Skarbek’s most celebrated exploit was her rescue of her chief, Resistance leader Francis Cammaerts, who had been imprisoned by the Gestapo ... Skarbek first located Cammaerts by walking around the prison walls singing the American blues ballad “Frankie and Johnny,” which they both knew; after some time, she heard Cammaerts singing along with her quietly. Then she convinced the police holding Cammaerts that she was his wife and managed to make contact with him in the prison.
Not only did she track down Cammaerts, she also somehow able to convincingly bend the truth enough to spring him from prison, and save his life.

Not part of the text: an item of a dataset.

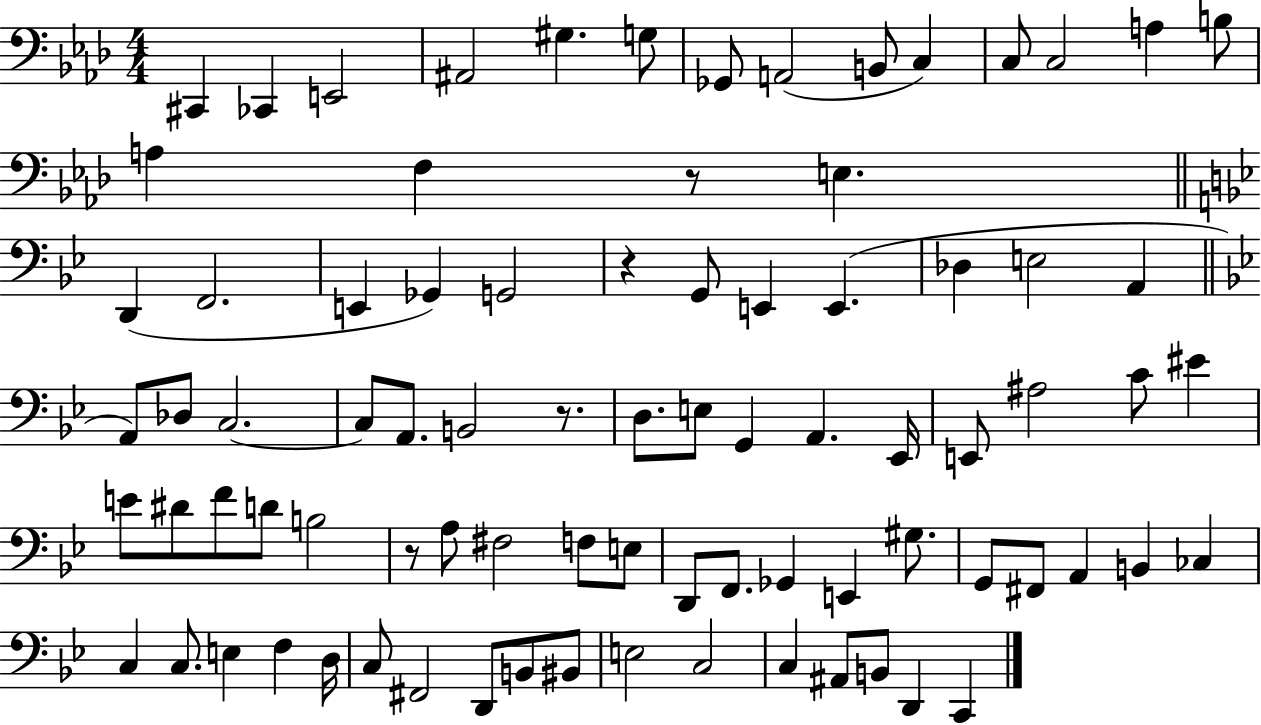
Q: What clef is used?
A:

There are many more incredible stories from the life of “Christine Granville.” She was “Britain’s longest-serving female agent,” as Women’s History Network points out, and she received a number of honors for it (“the OBE, the George Medal and the French Croix de Guerre as well as an array of service ribbons that would have made any General proud”) but was ultimately not eligible for military honors ... because she was a woman.
If that depressing fact enrages you, prepare to turn even redder, because as the Guardian reports, it got worse. Way, way worse:
After the war she was paid off with £100, and ended her working life as a cleaner on cruise ships. In 1952 she was stabbed to death in the cheap London hotel where she was living by an Irish ship’s steward, Dennis Muldowney, who had become obsessed with her.
By then, she had become a British citizen, but her wartime heroism didn’t earn her more than a cursory burial. (Longtime love Kowerski died in Munich in 1988; among his last wishes were to have his ashes interred beside hers—though he had said over the years that Skarbek’s true love was her beloved Poland.)
In 2013, the BBC reported that she was finally getting some long-overdue public recognition:
Her extraordinary courage on dozens of clandestine missions during World War II was celebrated during a a memorial service at St Mary’s Catholic Cemetery in Kensal Green, north-west London.
The ceremony marked the renovation of her grave by the Polish Heritage Society.
And now, it seems, a movie may be in the works; according to a Polish news outlet report just last month, US-based Bluegrass Films hopes to adapt her incredible life story from Clare Mulley’s acclaimed 2012 biography—alluringly titled The Spy Who Loved.